Dr. Mel Levine was found dead at his home last week, a suicide. His once successful and nationally prominent career as a pediatrician was derailed when he was sued by a succession of former patients who alleged that he sexually molested them. He had surrendered his medical license and teaching position at the University of North Carolina, and hardly any of the obituaries mentioned that he was once one of Oprah Winfrey’s health experts.
But writer Tracie Egan Morrissey remembered, and detected a pattern that is disturbing and real. There have been other experts and authorities that Oprah introduced to her trusting and huge audience of admirers that should have been rejected after competent vetting. Dr. Phil, of course, is a fraud, having given up his license as a psychotherapist in Texas but never surrendering the misleading title of “Dr.” In 2003, Oprah’s show introduced America to plastic surgeon Jan Andrews, who subsequently was revealed (by others) to have had multiple DUI and malpractice lawsuits and to lack board-certification as a plastic surgeon. Not before, however, he had operated on hip-hop artist Kanye West’s mother, who died of complications from her plastic surgery. All mention of Andrews, and Levine, have been scrubbed from Oprah’s website.

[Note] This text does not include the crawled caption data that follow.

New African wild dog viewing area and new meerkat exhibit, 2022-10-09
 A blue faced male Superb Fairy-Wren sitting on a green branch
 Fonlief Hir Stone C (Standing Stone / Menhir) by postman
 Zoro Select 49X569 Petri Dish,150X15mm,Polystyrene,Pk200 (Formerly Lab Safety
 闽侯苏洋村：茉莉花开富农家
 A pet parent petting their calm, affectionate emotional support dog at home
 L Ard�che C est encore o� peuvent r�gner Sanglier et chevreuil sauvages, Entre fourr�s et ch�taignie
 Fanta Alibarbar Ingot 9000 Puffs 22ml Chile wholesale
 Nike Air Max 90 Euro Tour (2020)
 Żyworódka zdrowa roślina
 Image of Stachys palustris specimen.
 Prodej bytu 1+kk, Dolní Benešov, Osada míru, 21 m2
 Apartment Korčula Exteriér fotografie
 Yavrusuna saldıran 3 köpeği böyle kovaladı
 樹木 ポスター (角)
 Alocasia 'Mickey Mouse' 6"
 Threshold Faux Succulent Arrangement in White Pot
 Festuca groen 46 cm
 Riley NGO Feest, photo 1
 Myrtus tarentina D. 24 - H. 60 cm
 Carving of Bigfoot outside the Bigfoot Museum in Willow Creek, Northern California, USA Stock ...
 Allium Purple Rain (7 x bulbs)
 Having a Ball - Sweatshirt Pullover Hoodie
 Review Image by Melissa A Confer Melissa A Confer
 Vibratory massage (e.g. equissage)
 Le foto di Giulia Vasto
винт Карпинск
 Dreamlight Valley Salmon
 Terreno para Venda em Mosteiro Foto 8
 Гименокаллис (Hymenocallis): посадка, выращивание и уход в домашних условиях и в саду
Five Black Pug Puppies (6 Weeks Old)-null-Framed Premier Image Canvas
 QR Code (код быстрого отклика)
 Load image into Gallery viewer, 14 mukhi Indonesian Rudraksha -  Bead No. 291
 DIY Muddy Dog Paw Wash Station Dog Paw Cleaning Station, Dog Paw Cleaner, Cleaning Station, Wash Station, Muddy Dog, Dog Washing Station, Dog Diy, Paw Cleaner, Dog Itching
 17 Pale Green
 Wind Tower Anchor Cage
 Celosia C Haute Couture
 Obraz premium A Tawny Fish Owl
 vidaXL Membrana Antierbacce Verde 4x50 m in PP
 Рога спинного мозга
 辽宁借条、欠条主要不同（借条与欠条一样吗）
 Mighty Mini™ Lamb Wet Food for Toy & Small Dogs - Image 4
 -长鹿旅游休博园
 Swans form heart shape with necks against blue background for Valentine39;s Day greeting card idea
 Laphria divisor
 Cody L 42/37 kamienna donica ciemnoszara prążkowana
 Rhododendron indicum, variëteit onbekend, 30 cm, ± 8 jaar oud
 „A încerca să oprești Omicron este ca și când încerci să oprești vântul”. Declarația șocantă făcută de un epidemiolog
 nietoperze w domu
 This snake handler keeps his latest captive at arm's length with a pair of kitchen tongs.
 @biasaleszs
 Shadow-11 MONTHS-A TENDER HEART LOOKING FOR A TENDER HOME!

Then there was Jenny McCarthy, whom Oprah promoted and provided a platform to spread her deadly and medically unsupportable misinformation about the connection between autism and vaccines.And she boosted the credibility of Rhonda Byrne, a best-selling self-help author (“The Secret,” “The Power”) who is even more transparently a charlatan the most of her breed, though Oprah made it clear that she was a believer.
Morrissey correctly diagnoses the ethical problem: “Seeing as how Oprah’s most successful “product” these days is cultivating and grooming personalities into credible and trusted sources, a great deal of responsibility comes with that task.” And she’s not meeting that responsibility. Oprah has a duty to diligently check out her “experts,” and to be as sure as possible that they are giving her audience insight and wisdom, not myths, false hopes, half-truths and snake oil. Instead, she is leading her fans to trust the untrustworthy.